他者がお嬢様キャラを望むなら、その通りになってやる。
ネットで学んだお嬢様口調も今ではすっかり板に付き、できあがったのがネットミームモンスター系令嬢=金持花音その人だ。
インターネットは時に悲劇的な化け物を産んでしまうのである。
ちなみに家族の前では普通に「ですます」口調。花音の抱えたもう一つの秘密だった。
花音が落ち着くのを待って黒森が言う。
「さて話を戻そう。噂についての調査をしてくれるだろうか?」
「こんな辱めを受けて誰が快諾するとお思いでして!? 生徒会長には人の心がありませんの?」
黒森は淡々とした視線を下に向けた。伏し目がちに続ける。
「そうか……仕方あるまい。私にも呵責される良心はあるのだ。今日、こうして呼びつけてしまったことを心よりお詫びしよう」
やっと諦めてくれたと花音は胸をなで下ろす。が、黒森の謝罪は終わらない。
「そうだ。生徒や教職員に向けて生徒会からメールマガジンを送っているのだが、私個人のお気に入りとして、君の……星宮きらら作品のリンクを載せたいと思う。もちろん金持花音の名は伏せる。なに気にしないでくれたまえ。せめてもの償いだ。今日にも緊急配信の手配をしよう」
金持花音が全校放送で生徒会長に呼び出されたその日のうちに、いきなり生徒会長が無名のウェブ作家を持ち上げたらどうなるか。

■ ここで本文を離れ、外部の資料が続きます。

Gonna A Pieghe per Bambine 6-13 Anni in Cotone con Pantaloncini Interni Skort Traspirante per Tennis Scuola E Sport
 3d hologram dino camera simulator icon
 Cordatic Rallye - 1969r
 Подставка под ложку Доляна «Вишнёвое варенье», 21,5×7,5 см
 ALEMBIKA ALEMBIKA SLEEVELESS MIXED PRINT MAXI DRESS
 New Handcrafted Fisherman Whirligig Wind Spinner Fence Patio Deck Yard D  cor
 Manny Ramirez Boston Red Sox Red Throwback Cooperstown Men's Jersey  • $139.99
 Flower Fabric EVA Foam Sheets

二人の間に密約が交わされたと噂になりかねない。炎上は必至だ。
「ぶちころがしてさしあげましてよ! そんなこと絶対になさらないでくださいお願いしますどうか命ばかりはお助けクダサイましぃ」
涙の訴えである。獅子に狩られる兎のように花音はプルプルと震えた。
「高圧的なのか下手に出ているのか判断に悩むな」
生殺与奪の権利はすでに黒森の手の中だ。最初から脅迫するつもりだったらしい。
「ともあれ君にとって調査は良い気分転換や取材になるのではないかね? 星宮先生」
「現実でその名前を呼ばないでくださいましッ!!」
「ふむ、メールマガジンだけでは謝罪が足りぬか。生徒会公式ウェブページにも星宮きらら特設応援サイトを立ち上げよう。勘の良い生徒なら学園内に星宮きらら先生がいるとわかるかもしれないな。その人材を君に代えて、本件の調査員にすれば……おお、我ながら良い案だ」
「良く無いですわ! 絶対にやらないでくださいまし。と、とりあえず生徒会長の要求内容はこれで全部でして?」
「うむ。以上だ。ご理解いただけたかな?」
花音は腕組みをするとそっと目を閉じた。
断れば謝罪という名目で秘密のアカウントが晒されてしまう。窮地を脱するには――
「今この場で生徒会長を亡き者にすればワンチャン……ありますわよね」
「密室なら証拠の残らない完全犯罪で頼むよ」
「最近のミステリは周到に用意したトリックよりも、衝動的に犯した凶行が偶然の出来事によって不可能犯罪化してしまうパターンが多いと存じましてよ」
「なるほど。さすが星宮先生だ。勉強になる。さて、どうやって私を亡き者にしてくれるのか楽しみだ。君の作品の糧になれるのなら喜んでこの命を差しだそう」
黒森の無駄に良い声ながら淡々とした口ぶりに、花音もついに観念した。
「わかりましたわ。外部協力員の件、承ります……大変不本意ですけど。噂の根源を探し当てる保証もしかねますから、ご承知置きくださいまし」
ハイかYESではなく承るという言い方なので、自分は負けていないと思う花音だが結果をみれば同じだった。